:: TASK BRIEF ::
The whole listing below should be retyped exactly, without any images.

========================================

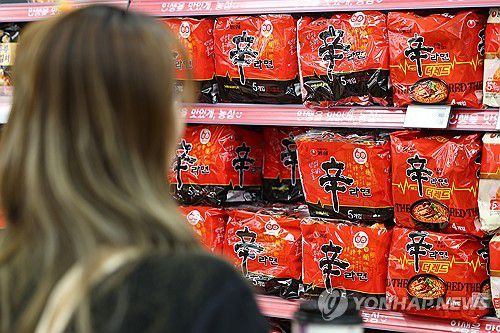 농심 신라면 가격 인상(서울=연합뉴스) 서대연 기자 = 16일 서울 시내 한 대형마트에 진열된 신라면. 2025.3.16 dwise@yna.co.kr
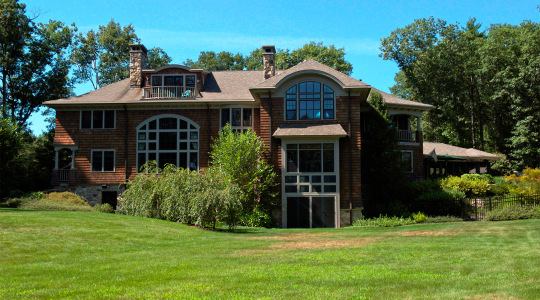 134 Farm Road, Sherborn, MA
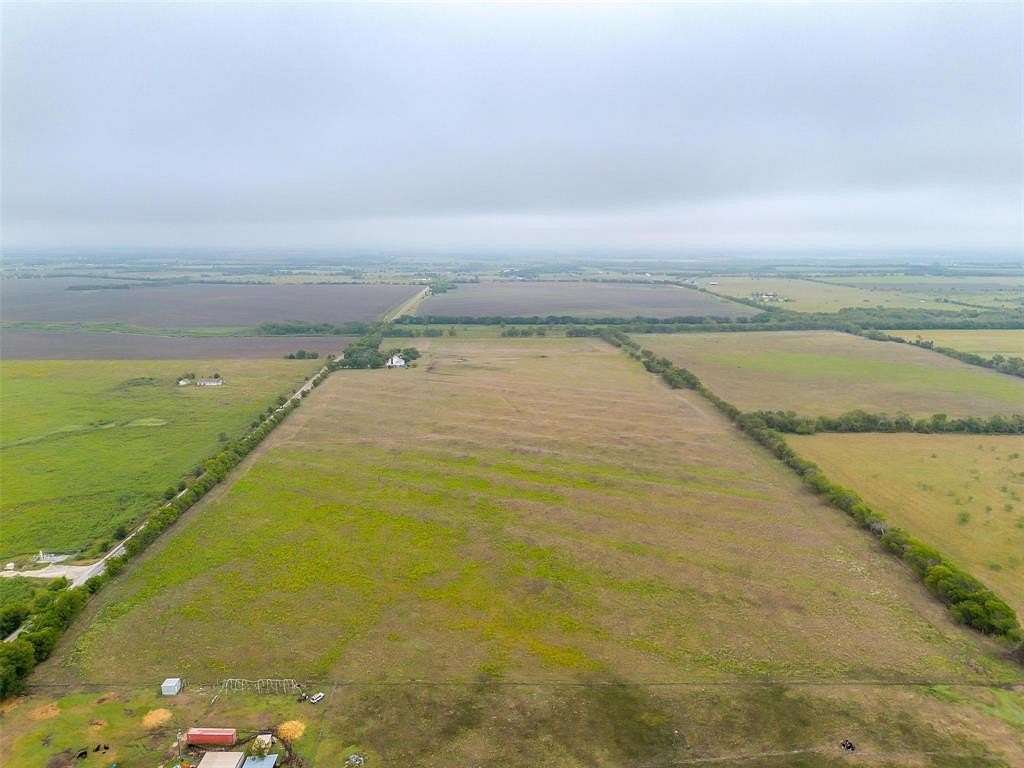 5 Acres of Land for Sale in Alvarado, Texas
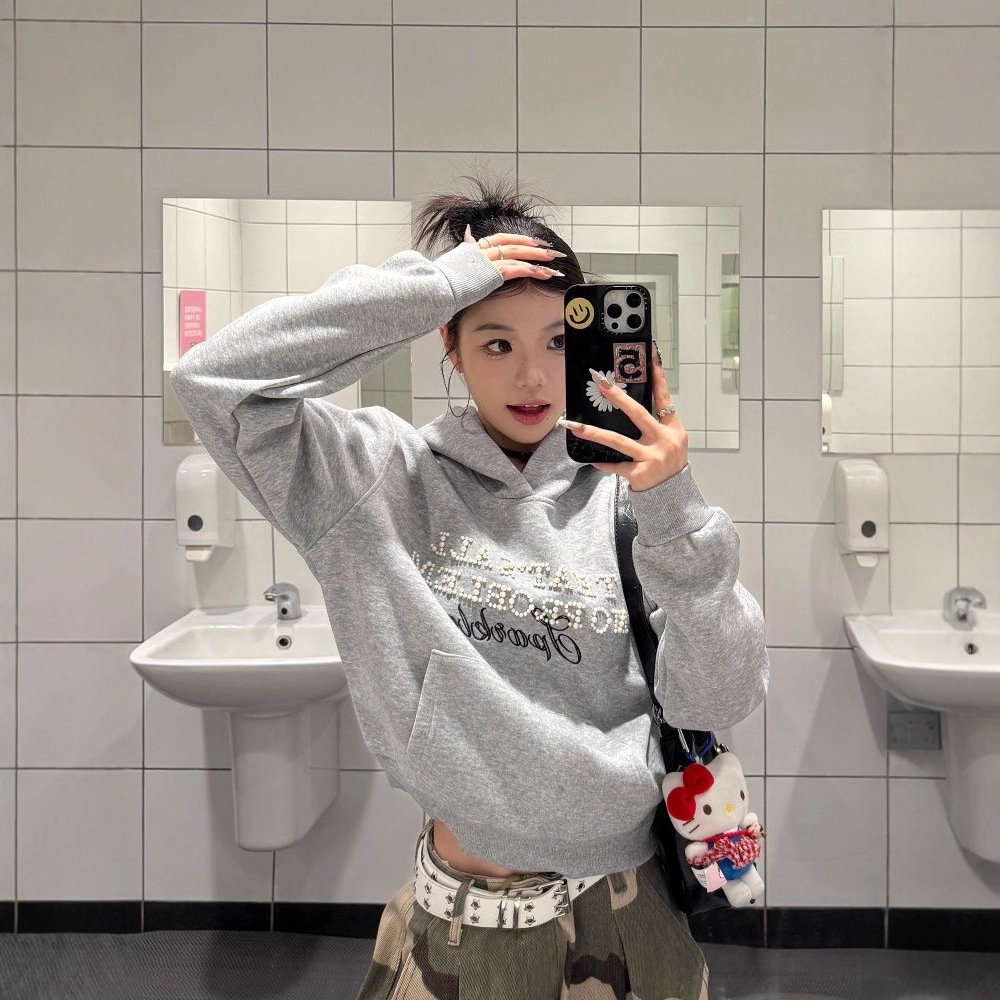 American Retro Beaded Design Hooded Sweatshirt for Women, New Winter Casual Slimming Embroidered Kangaroo Pocket Top Trendy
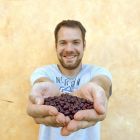 Alejandro Fuentes, cultivador de alubia roja de Ibeas y presidente del colectivo que la defiende desde hace casi dos décadas, con un puñado de legumbres recién cosechadas.-ARGICOMUNICACIÓN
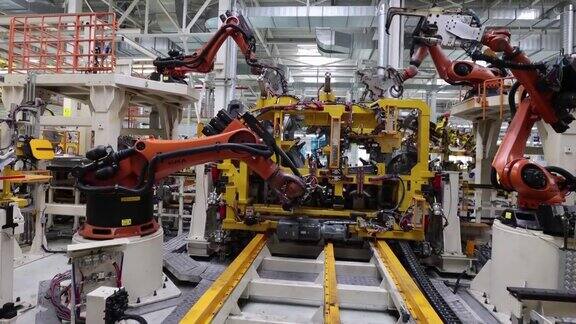 在现代化工厂的传送带上自动焊接机器人的工作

========================================

:: OUTPUT ::
 농심 신라면 가격 인상(서울=연합뉴스) 서대연 기자 = 16일 서울 시내 한 대형마트에 진열된 신라면. 2025.3.16 dwise@yna.co.kr
 134 Farm Road, Sherborn, MA
 5 Acres of Land for Sale in Alvarado, Texas
 American Retro Beaded Design Hooded Sweatshirt for Women, New Winter Casual Slimming Embroidered Kangaroo Pocket Top Trendy
 Alejandro Fuentes, cultivador de alubia roja de Ibeas y presidente del colectivo que la defiende desde hace casi dos décadas, con un puñado de legumbres recién cosechadas.-ARGICOMUNICACIÓN
 在现代化工厂的传送带上自动焊接机器人的工作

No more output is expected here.